Dermatophytosis: Ringworm

Dermatophytosis : Ringworm
By Dr. Ed Mapes
Stonebridge Animal Hospital

The skin disorder called ringworm is not actually caused by a worm, rather it is a fungal infection within the skin that often spreads outward from a central area and has a red ring of inflamed skin around it. The infection is caused by one of two fungal organisms, called dermatophytes. These are Microsporum canis and Trichophyton mentographytes.


These infections are quite contagious between animals and humans, so it’s wise to have the skin checked whenever a suspicious lesion appears. Infection can easily spread between pets and people within the household, so I attempt to make the correct diagnosis as soon as possible.
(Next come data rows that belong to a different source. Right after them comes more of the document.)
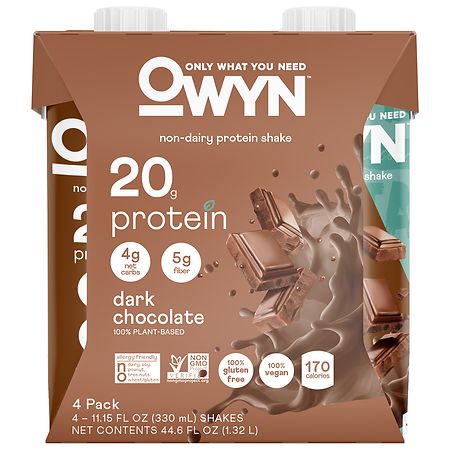 OWYN 20 g Protein Shake Dark Chocolate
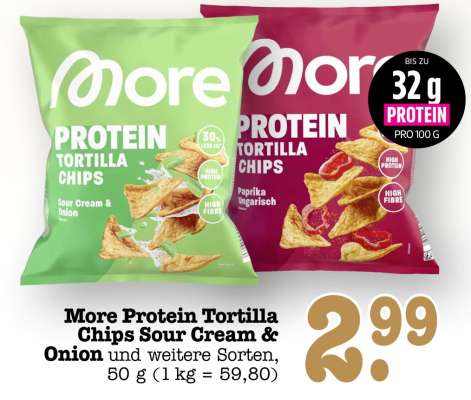 More Protein Tortilla Chips Sour Cream & Onion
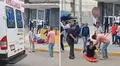 ¡Insólito! Ambulancia ignora a 'herido' durante simulacro nacional y escena es viral: "Mejor vas caminando"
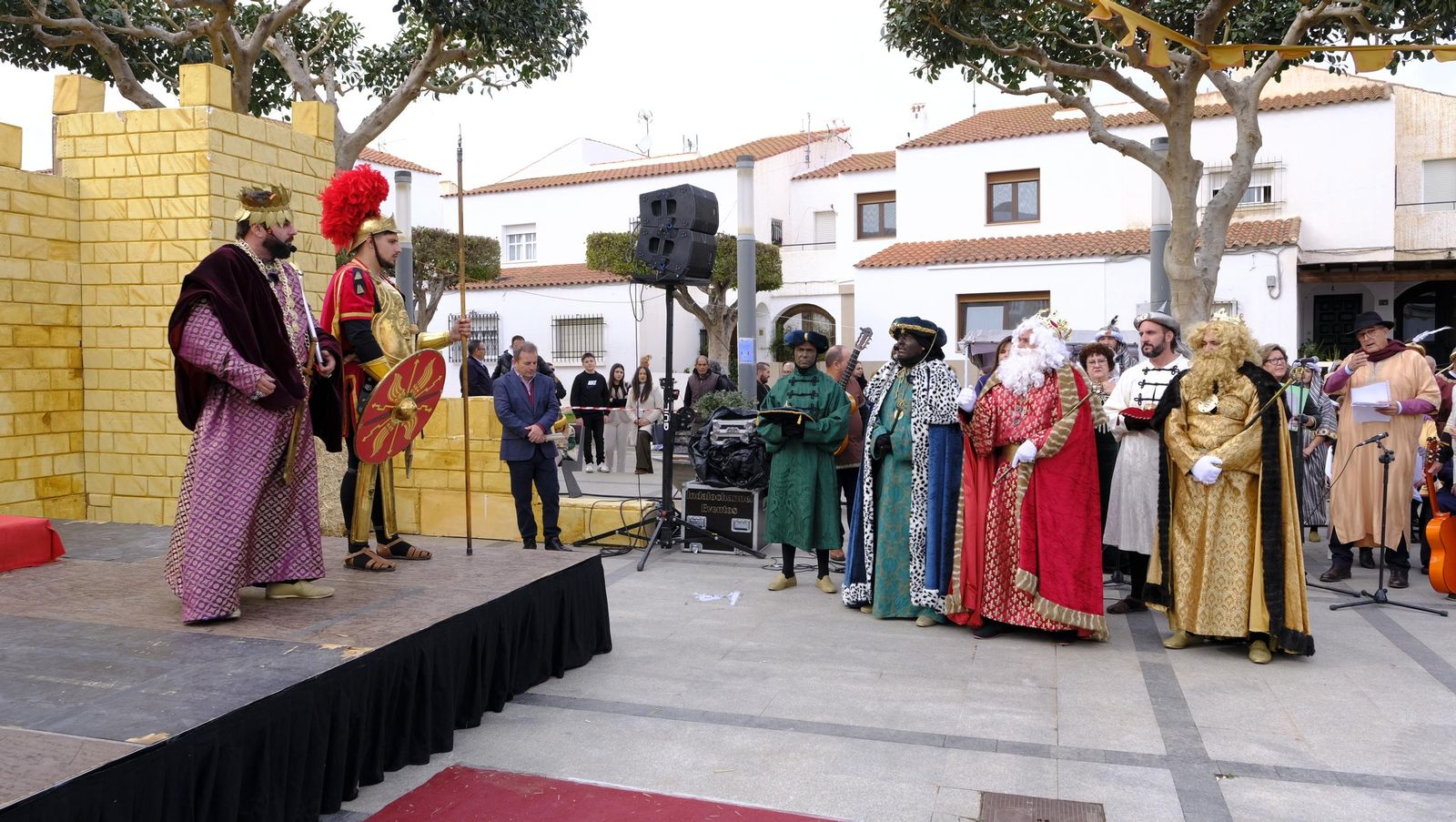 El Auto de los Reyes Magos de Los Gallardos, en imágenes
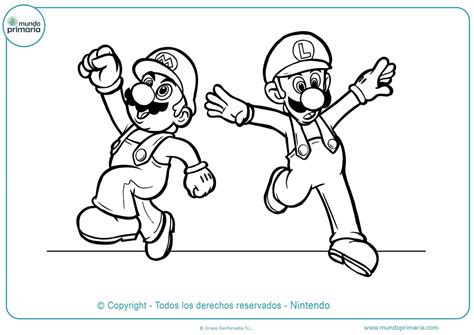 Imagenes Para Pintar De Mario Bros Páginas Imprimibles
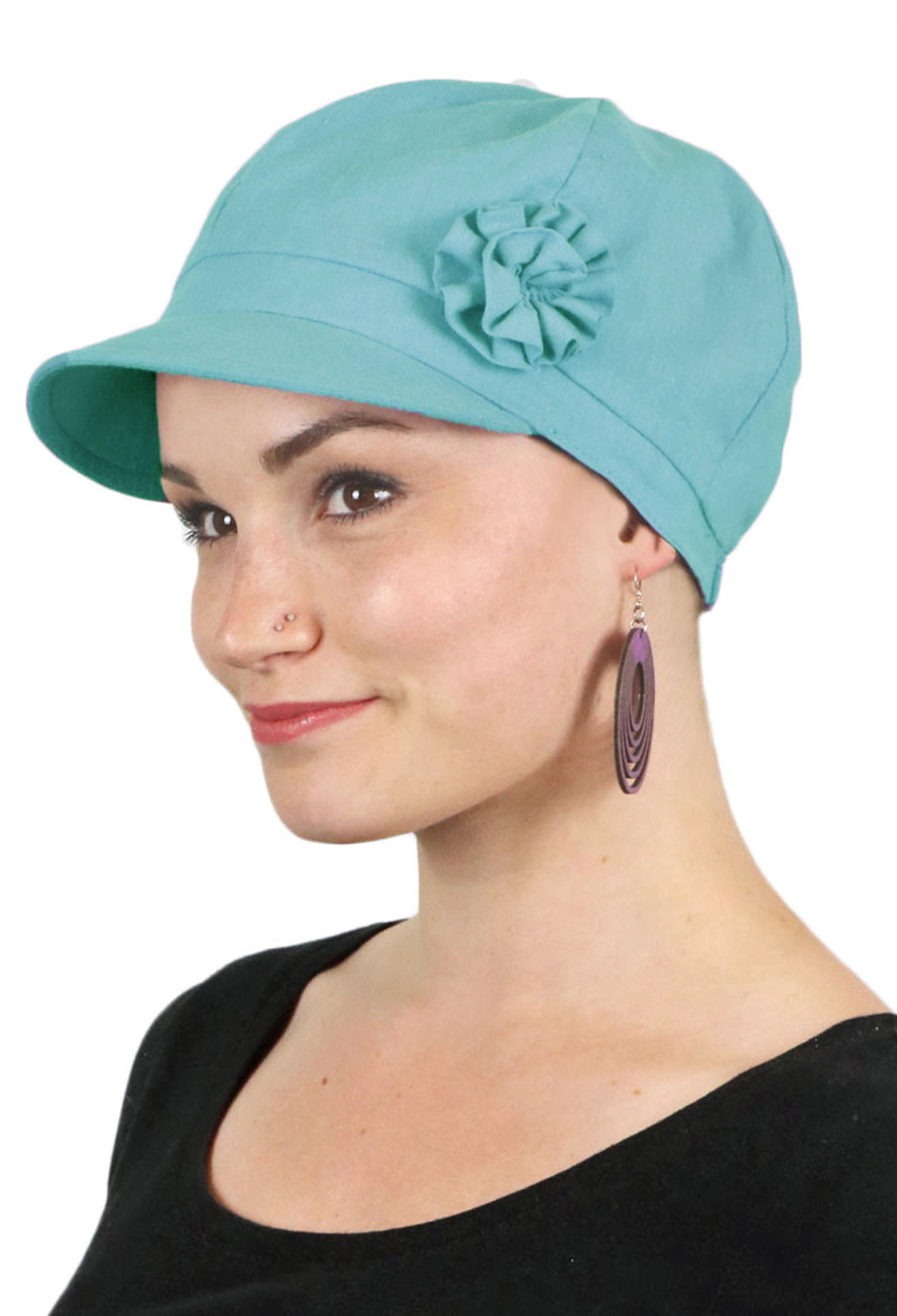 Brighton Newsboy Cap for Chemo Patients Women 100% Cotton 50+ UPF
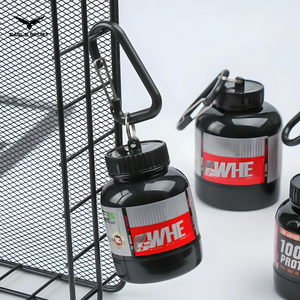 علبة تخزين صغيرة للمكملات – تصميم عبوة بروتين
Mini Supplement Storage Container – Protein Jar Style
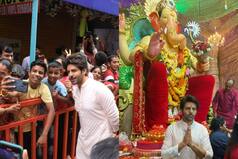 Kartik Visits Lalbaugcha Raja With Parents to Celebrate Ganesh Chaturthi 2022 - Watch Viral Video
Lesions are characteristically hairless with a flaky, grey appearance. They are often seen on the head and limbs of pets, but can be anywhere over the body. Infections can become generalized, having spread to all areas of the body. You may see scaling that looks like dandruff on the hairs, and lesions are often in circular patches surrounded by a reddish ring of inflammation. The lesions can cause some itch sensation, but patients do not scratch at them as much as most other skin disorders.

The often characteristic appearance is a clue in the diagnosis. Examination of hair shafts under the microscope can sometimes reveal the presence fungal spores that may be attached. I use the Dermatophyte Test Medium as the definitive diagnostic test. We place a few hair shafts with the scaly debris with the matrix of growth medium, and observe for 5 to 7 days. A test is deemed to be positive when a fluffy white and green growth appears in conjunction with the medium turning colors from orange to red.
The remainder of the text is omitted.